From a risk reduction perspective, the company applies the principle of separation of authorities as much as possible throughout the entire organization. Also in the group entities with a limited size, where it is not always easy to implement an adequate separation of authorities taking into account the operational restrictions, all required efforts are made in order to separate the authorities as much as possible. This principle is written down a.o. in the so-called “Rules of procedure” ensuring a clear and transparent delegation of responsibilities and authorities.
The principle of separation of authorities is also clearly expressed in the division of authorities between the board of direction and the executive committee.
The choice of the directors is mainly based on their specific knowledge and experience within a specific area. That way, the company can always rely on a diversity of relevant knowledge and experience.

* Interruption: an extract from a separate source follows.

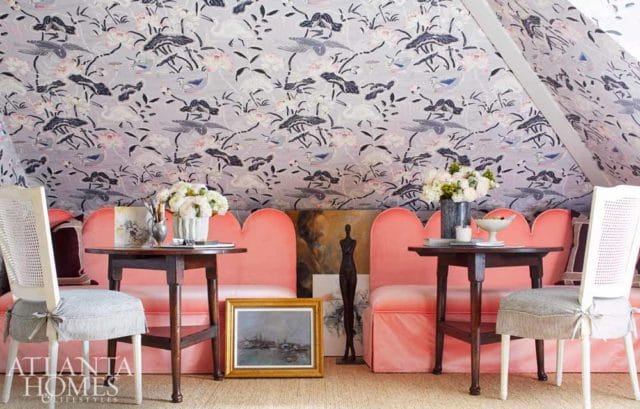 Pink scalloped sofa with cane-backed chairs and floral wallpaper. Two wooden side tables hold floral arrangements and decorative items.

In accordance with the applicable regulation, the board of directors organizes the different committees from within. These committees meet at regular times in order to deliberate. The chairman of each committee reports after each meeting to the entire board of directors that can demand the required comments or explanation. In the audit committee the external auditor as well as the internal auditor report on their activities.
The internal auditor also presents his audit plan for the next semester for approval, in order to amend it where necessary, in function of the priorities of the audit committee.
The Chief Legal Officer takes on the role as secretary of these committees and ensures that the agenda and documents for preparing the meetings are always communicated in a timely manner to the board of directors and the different committees, to enable their members to prepare themselves thoroughly, obviously adding value to their contribution.
The education and experience of the different members of the executive committee are also complementary and guarantee a balanced decision making process. At least four times a year the executive committee reports to the board of directors on its policy. Each year, the board of directors decides to give discharge or not to the executive committee for its policy during the pas financial year.
INFORMATION AND COMMUNICATION
The performance of the different operational units, grouped per segment, are evaluated on a monthly basis, based on the reporting systems available in SAP and they are compared to the budget, taking into account the economic climate and the market situation. This is primarily the task of the business analysts, who will report within short notice as well to the operational managers with final responsibility as to the executive committee.
The results of the different operational units with comparable activities are continuously compared in a detailed way. That way, so-called ‘best practices’, per criteria, can be shared with other units of the group. At least twice a year the operational managers with final responsibility meet to exchange their experience, discuss on specific matters and take appropriate measures.
At regular occasions, comparisons with competitors are made for the entire group. These comparisons are discussed in the executive committee as well as in the board of directors. Should such an exercise lead to important conclusions, these will immediately be communicated to the operational managers with final responsibility.
EVALUATION OF THE INTERNAL CONTROL MECHANISMS AND NOTIFICATION OF POSSIBLE SHORTCOMINGS
The company has an internal audit department charged with ensuring the efficiency of the internal control system. Thereto the executive committee has given the internal audit department sufficient authority and means.
Complementary to the activities of the internal audit department, the quality of and compliance with the internal control systems is also verified by the independent auditor of the company.
The recommendations of both the internal and external auditors are periodically communicated to the audit committee, that closely monitors if these recommendations are effectively implemented by the executive committee.